Problem requirements: Only the pictures are to be dropped; return all other data below exactly.
Information shown START
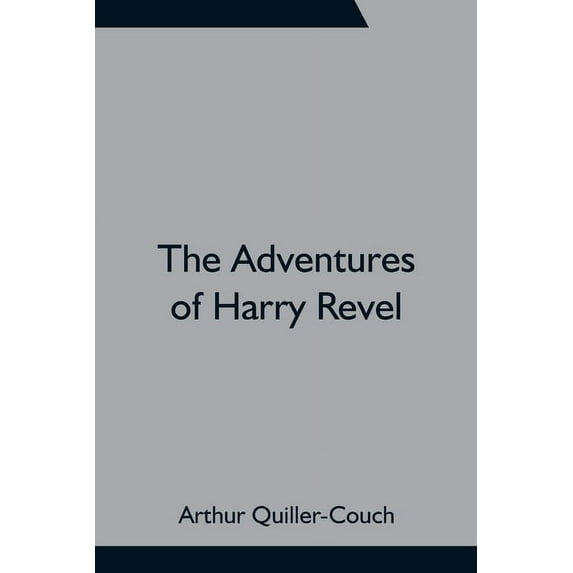 The Adventures of Harry Revel, (Paperback)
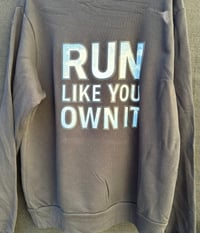 Image 1 of Run Like You Own It Hoodie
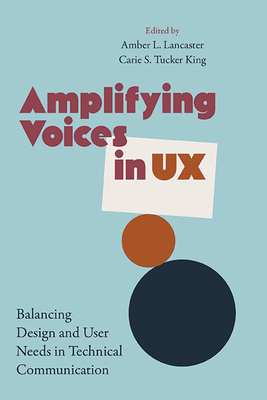 Amplifying Voices in UX: Balancing Design and User Needs in Technical Communication (Suny Series)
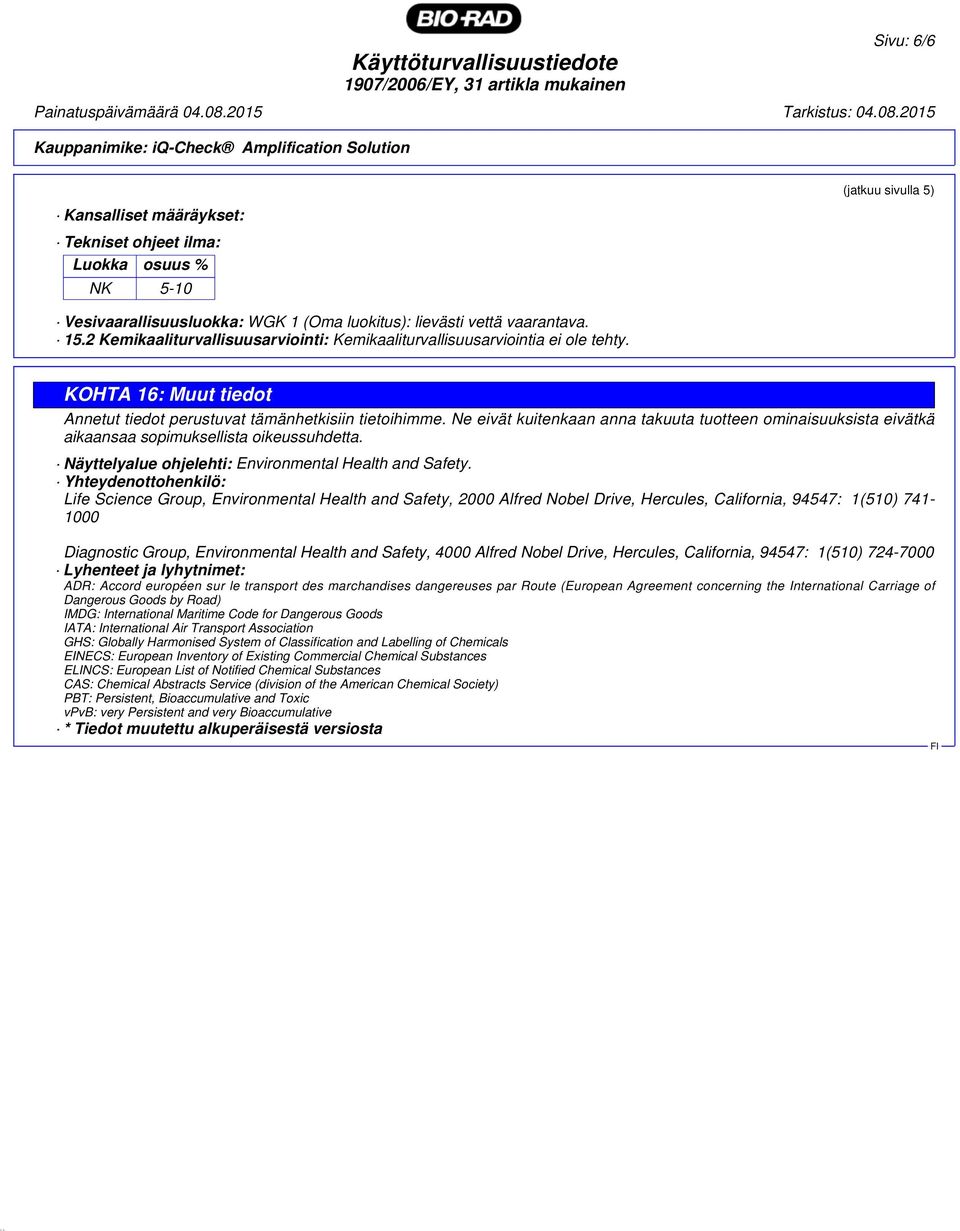 Ne eivät kuitenkaan anna takuuta tuotteen ominaisuuksista eivätkä aikaansaa sopimuksellista oikeussuhdetta. Näyttelyalue ohjelehti: Environmental Health and Safety.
Information shown END
Written answer:
 The Adventures of Harry Revel, (Paperback)
 Image 1 of Run Like You Own It Hoodie
 Amplifying Voices in UX: Balancing Design and User Needs in Technical Communication (Suny Series)
 Ne eivät kuitenkaan anna takuuta tuotteen ominaisuuksista eivätkä aikaansaa sopimuksellista oikeussuhdetta. Näyttelyalue ohjelehti: Environmental Health and Safety.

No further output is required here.